EXERCISE DATA below:

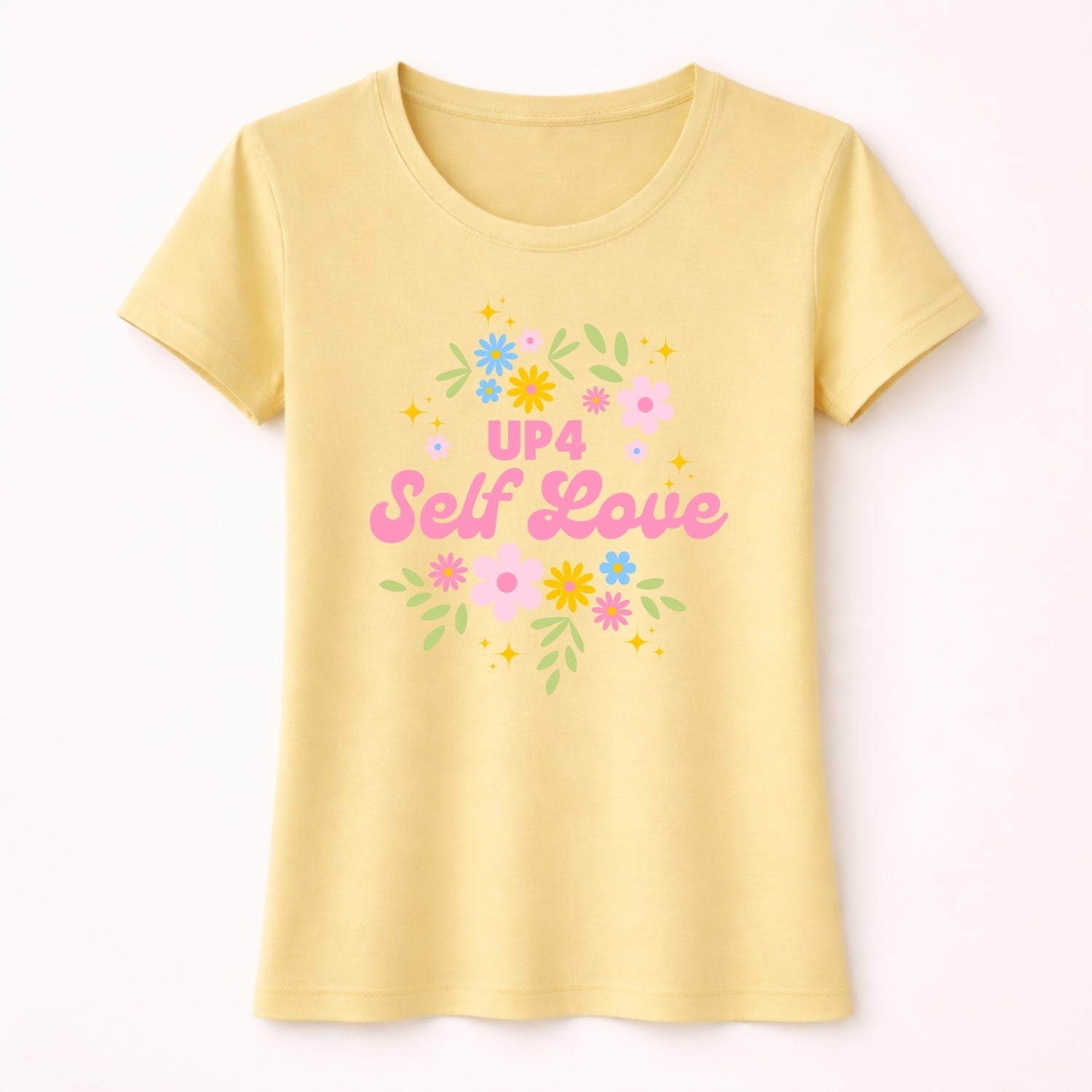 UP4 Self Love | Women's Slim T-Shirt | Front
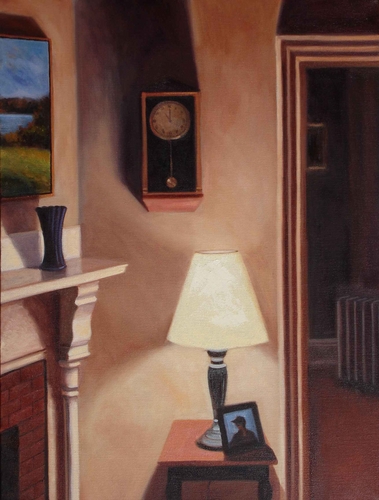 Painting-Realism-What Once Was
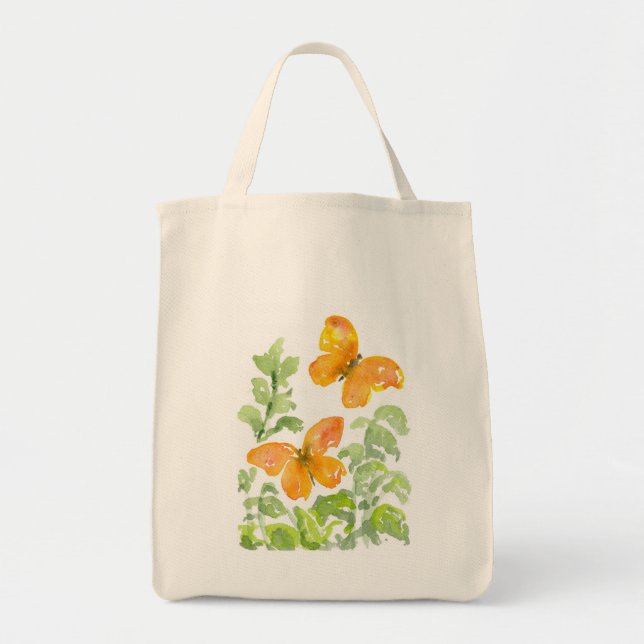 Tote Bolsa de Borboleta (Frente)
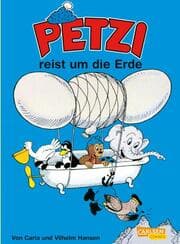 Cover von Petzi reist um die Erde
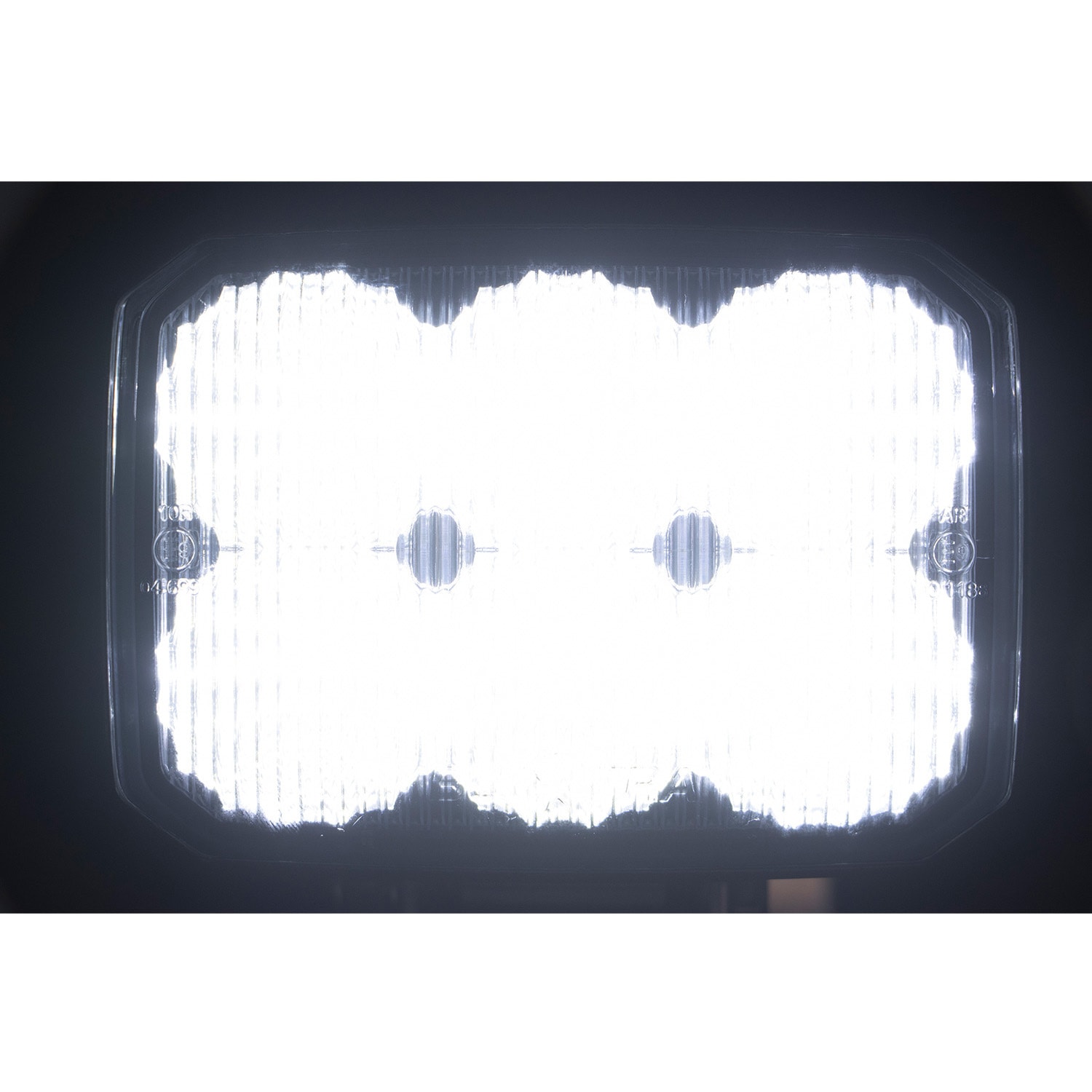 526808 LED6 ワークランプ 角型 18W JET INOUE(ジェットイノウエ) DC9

End of EXERCISE DATA.
EXERCISE DATA below:

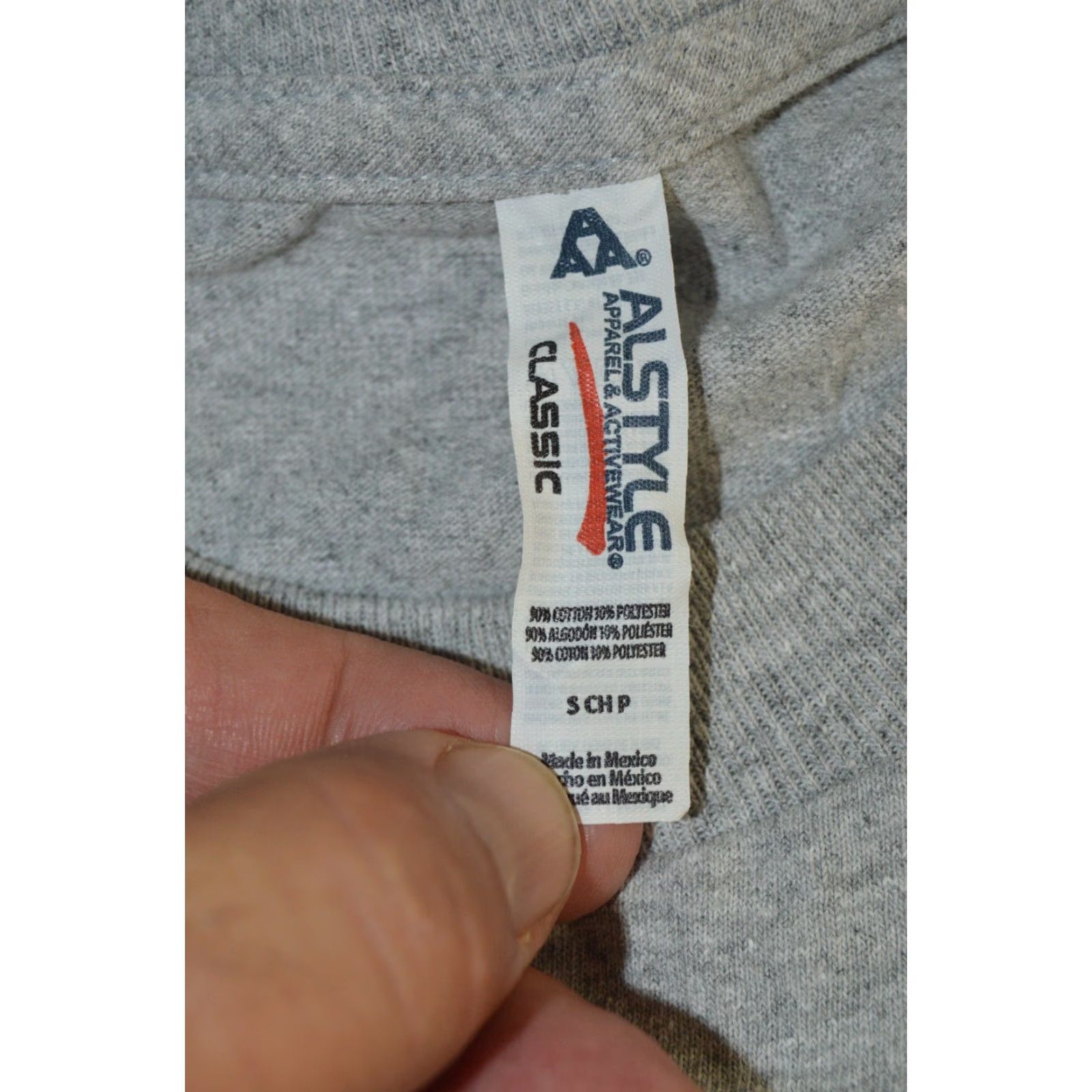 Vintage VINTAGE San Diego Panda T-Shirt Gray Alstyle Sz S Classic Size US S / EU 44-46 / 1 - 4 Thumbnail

End of EXERCISE DATA.

WORK ITEM:
Exact copy, pictures excluded: every line above from the one containing "Painting-Realism-What Once Was" to the one containing "526808 LED6 ワークランプ", inclusive, and nothing more.

WRITTEN RESPONSE:
 Painting-Realism-What Once Was
 Tote Bolsa de Borboleta (Frente)
 Cover von Petzi reist um die Erde
 526808 LED6 ワークランプ 角型 18W JET INOUE(ジェットイノウエ) DC9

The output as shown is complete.